BIM is an excellent tool for improving the accuracy of your busbar route. A central BIM model can be created at the beginning of the project allowing stakeholders to update the data centre design to reflect changes. This provides an digital replica of the entire data centre, making it easier to accurately identify obstructions that the busbar system must be routed around to plan more efficient pathways. By adding this extra step into the planning process, contractors can clearly see design conflicts may impact the feasibility of the proposed busbar route and rectify them before construction begins – Reducing the cost of rework and time overruns.
3. Conductor Choice
In our previous article ‘Busbar Trunking Conductors: Copper vs Aluminium ‘ we discussed how Aluminium has 62% the conductivity of copper and therefore requires a much larger conductor size to match the current carrying capacity of a copper conductor. The lager the conductor the larger the overall cross-sectional area of the busbar trunking will be, this may be restrictive in certain applications where space is limited, including small switch rooms or underfloor applications. It is key to consider the conductor choice carefully, as although the cost savings of opting for aluminium conductors may seem attractive, this could result in an inefficient use of space and limit the possibility of future expansion to the system.
4. System Flexibility
Data centre power distribution systems must be designed with flexibility to facilitate future expansion. This requirement is becoming increasingly important as the rate of change in the data centre industry continues to increase. To facilitate this, busbar routes must be planned to account for potential future requirements, ensuring that the route can be easily adapted to add additional power capacity as and when required. For instance, busbar trunking that has been routed under a raised floor will require additional work to reconfigure compared with an overhead system as floor tiles and large IT infrastructure may need to be removed to allow sufficient access to the underfloor system. Taking the potential need for upgrades into consideration during the build, can reduce the amount of rework required to upscale the system at a later stage.

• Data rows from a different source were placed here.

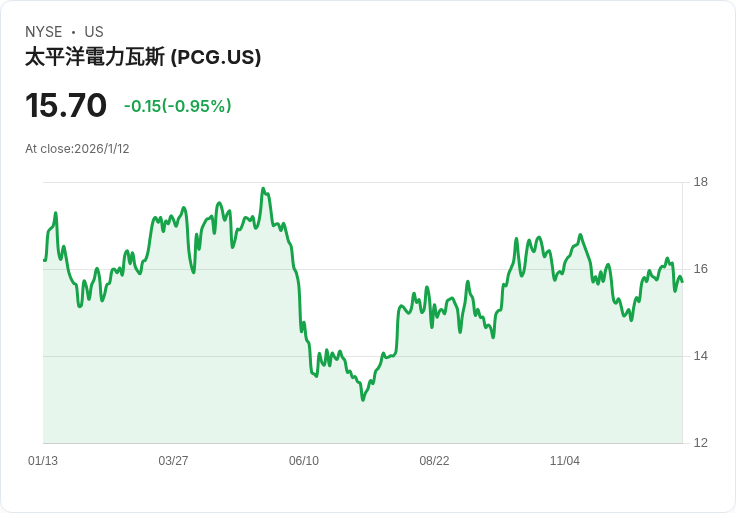 PG&E與股東達成1億美元和解 2017-18年加州野火真相浮出水面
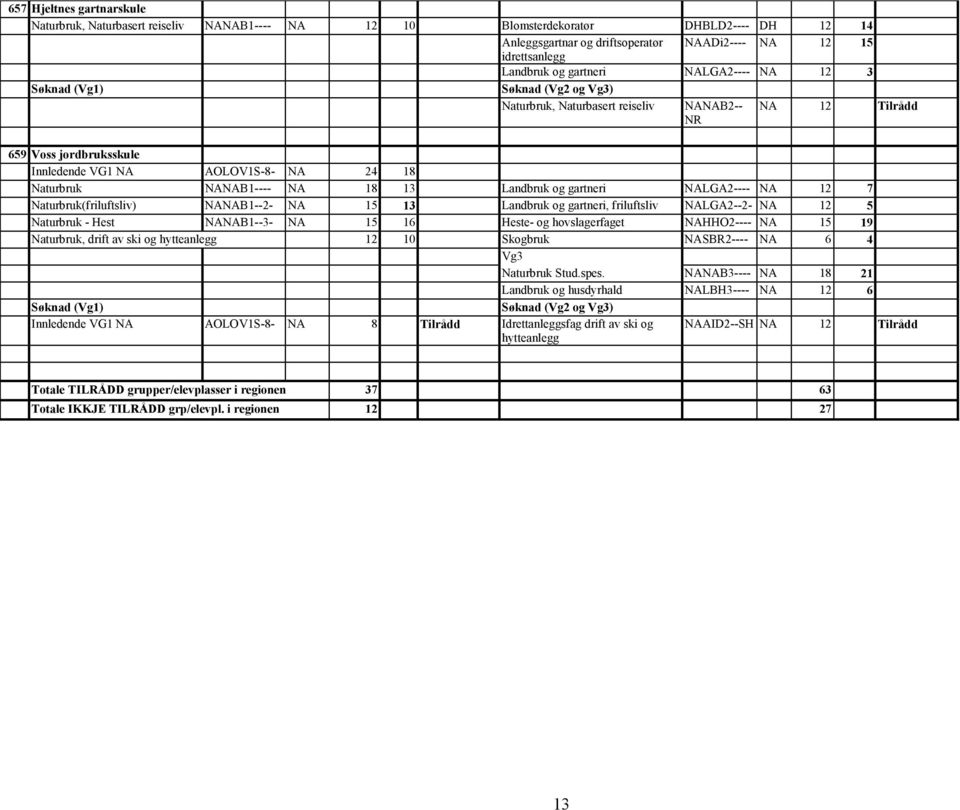 NA 18 13 Landbruk og gartneri NALGA2---- NA 12 7 Naturbruk(friluftsliv) NANAB1--2- NA 15 13 Landbruk og gartneri, friluftsliv NALGA2--2- NA 12 5 Naturbruk - Hest NANAB1--3- NA 15 16 Heste- og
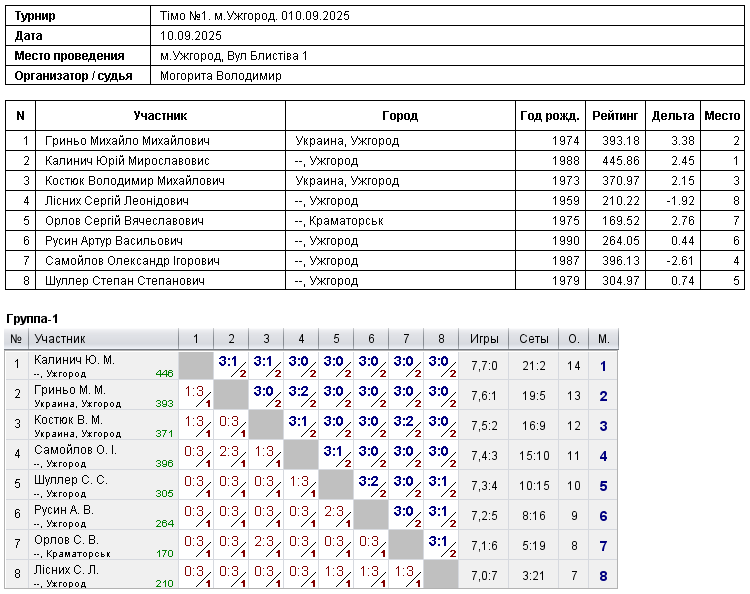 Timo №1. м.Uzhgorod. 010.09.2025 2025-09-10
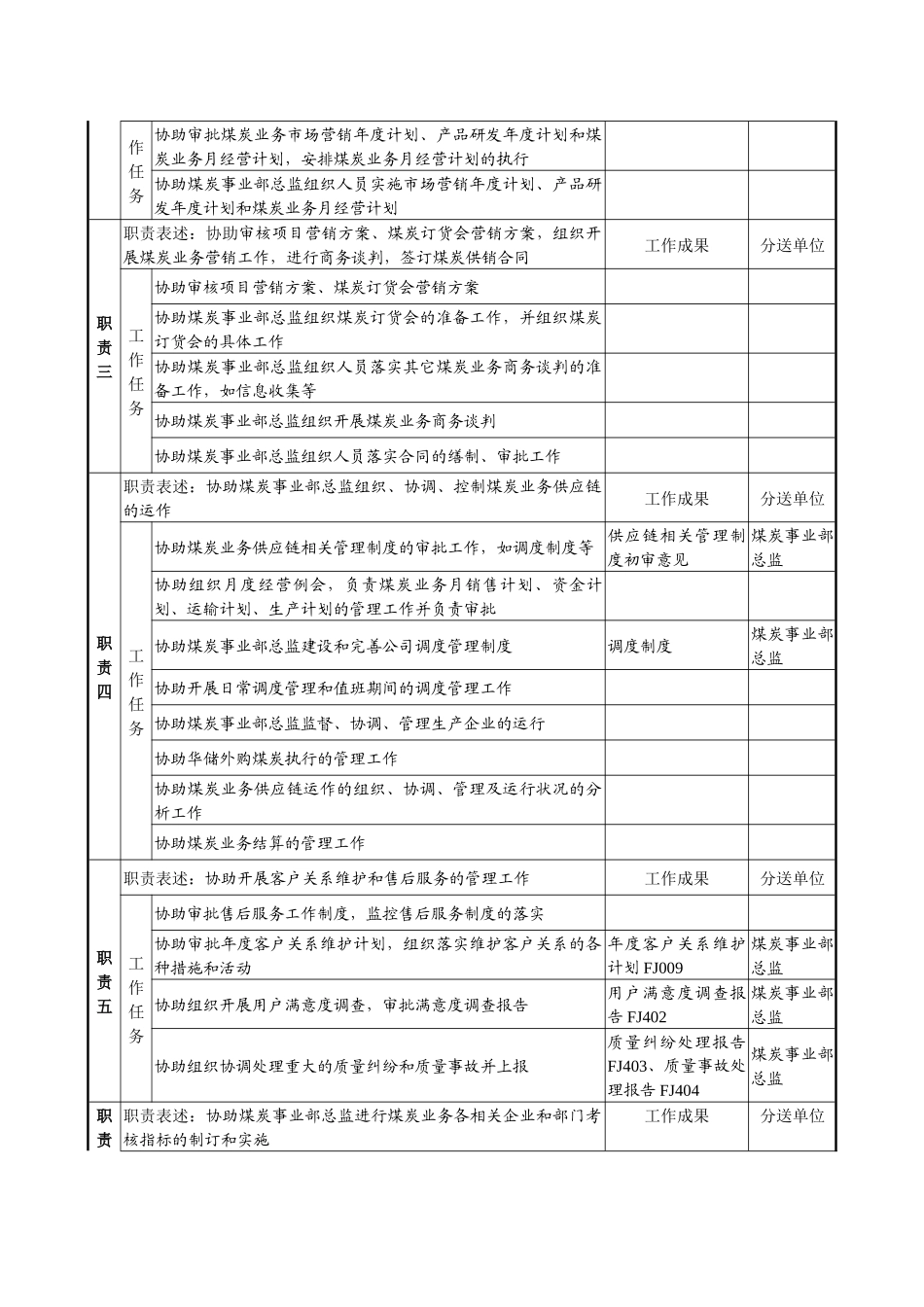 煤炭行业-集团公司-事业部-总监助理岗位说明书_第2页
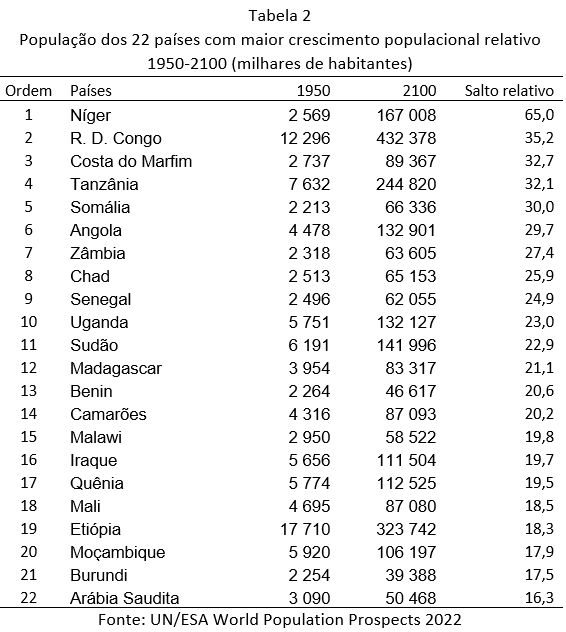 população dos 22 países com maior crescimento populacional relativo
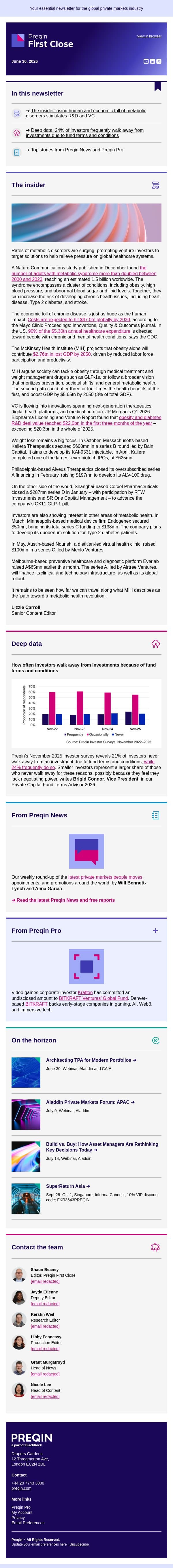 How $22bn new VC investment could boost metabolic health email from Preqin screenshot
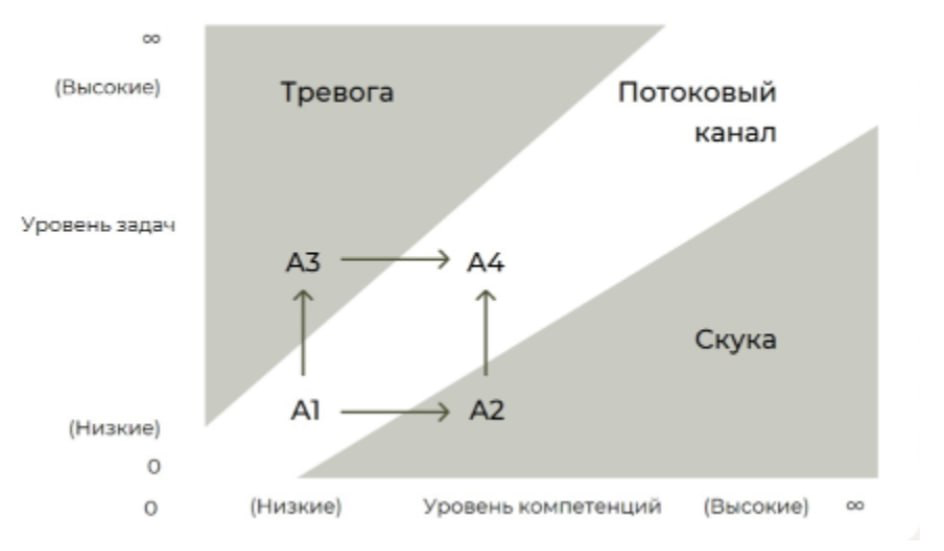 Как работать в потоке, а не в сопротивлении? 🏄‍♂️ #продуктивнаясреда
Михай Чиксентмихайи — автор термина "состояние потока" — определял его как полное вовлечение в процесс, достигаемое благодаря нашим... | Сетка — социальная сеть от hh.ru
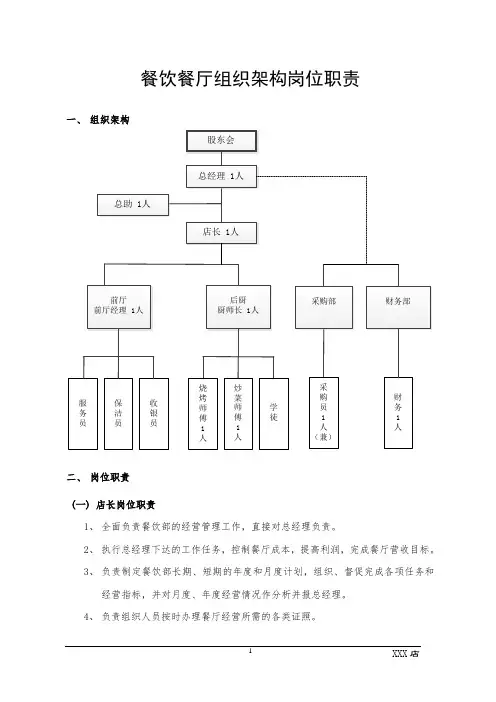 餐饮餐厅组织架构岗位职责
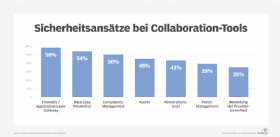 Sicherheitsansätze bei Collaboration-Tools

Deciding on a route for your busbar system will be very much dependant on the location of the incoming power source and the power consumers. Whilst BIM will help contractors identify physical clashes with other data centre infrastructure, careful attention must also be paid to ensure the chosen route is compliant with specified clearance and access requirements. For instance, different clearances will be required for busbar lengths with and without tap off units. Where tap off points have been allocated, additional clearance must be left between the busbar and other building elements, the distance required will be dependent on the size of tap off units specified. Access will also be required for maintenance and upgrades, therefore it is critical to ensure minimum clearances are adhered to so that safe and easy access can be gained to critical infrastructure as and when required.